You want your child to know that it can be disappointing as we go through each phase of life. For instance, it can be disappointing to get bad grades or not performing well during an audition, but you wouldn’t want emotions to take over the desire to learn or practice more. You want them to understand that it is fine to take a risk even if they are going to fail, but what matter is the process.
Give permission to feel
You want them to know that someday you will leave them or their loved ones will pass away, leaving them. And these things can be incredibly painful to feel but you want them to be able to give themselves the permission to feel. To deal with these difficult emotions while letting them know you are always there, ready to love and comfort them.

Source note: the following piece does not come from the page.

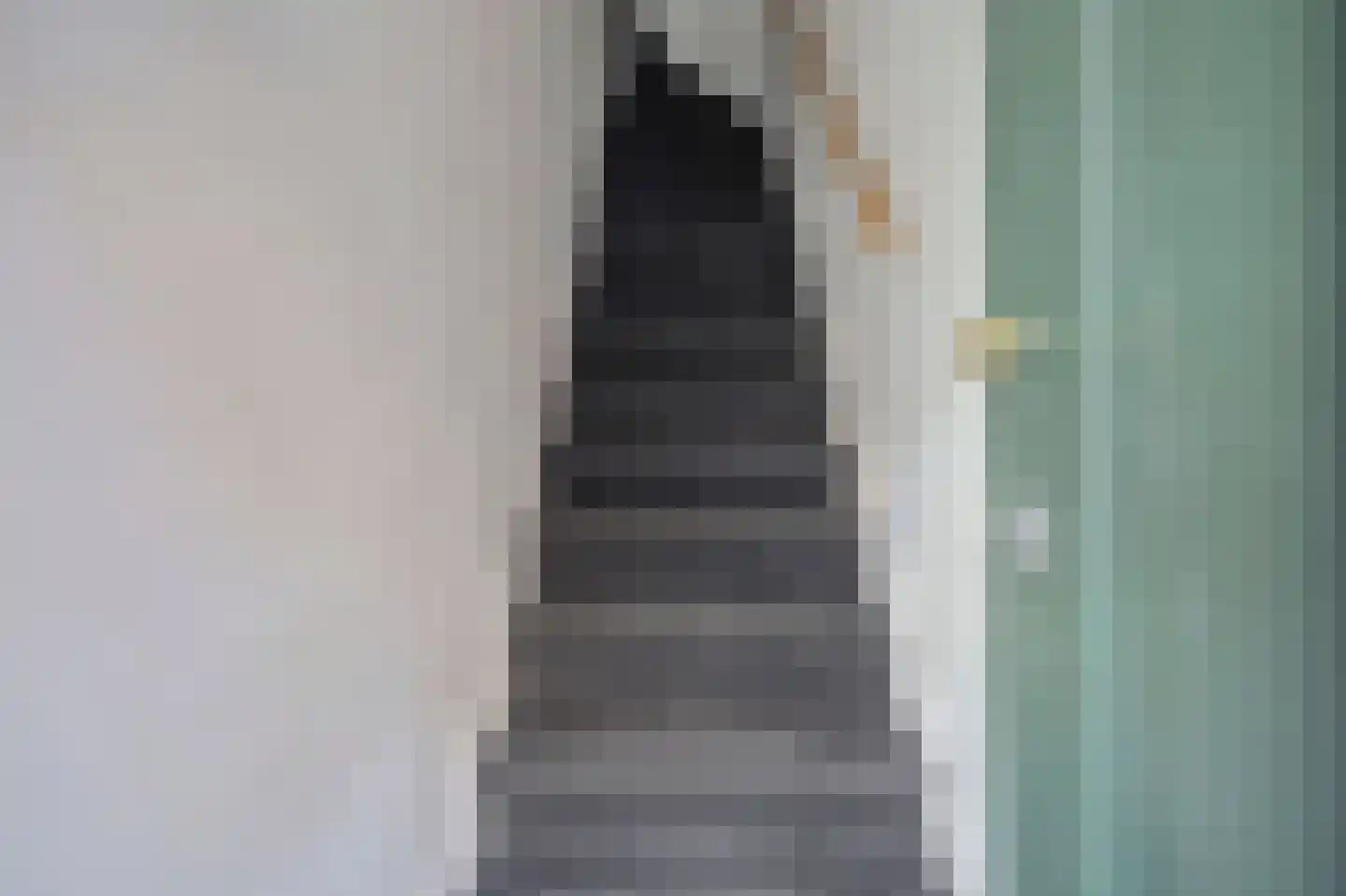 Stephensonstraat 1 B 1 Schiedam thumbnail 17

While you are allowing these emotions to flow in them, do remember you are not suggesting that they wallow in pain without getting help. And they should be reminded that they should not stop living their lives. Instead, guide them in developing the emotional capacity to experience what shows up with compassion. While you are showing them these much emotions, help them to embrace them and recognize that they need them to thrive. You would want your child to focus on resilience and be able to stand up after the fall. Being fine with tears means to see them, feel them but most importantly, to pick up where they left off.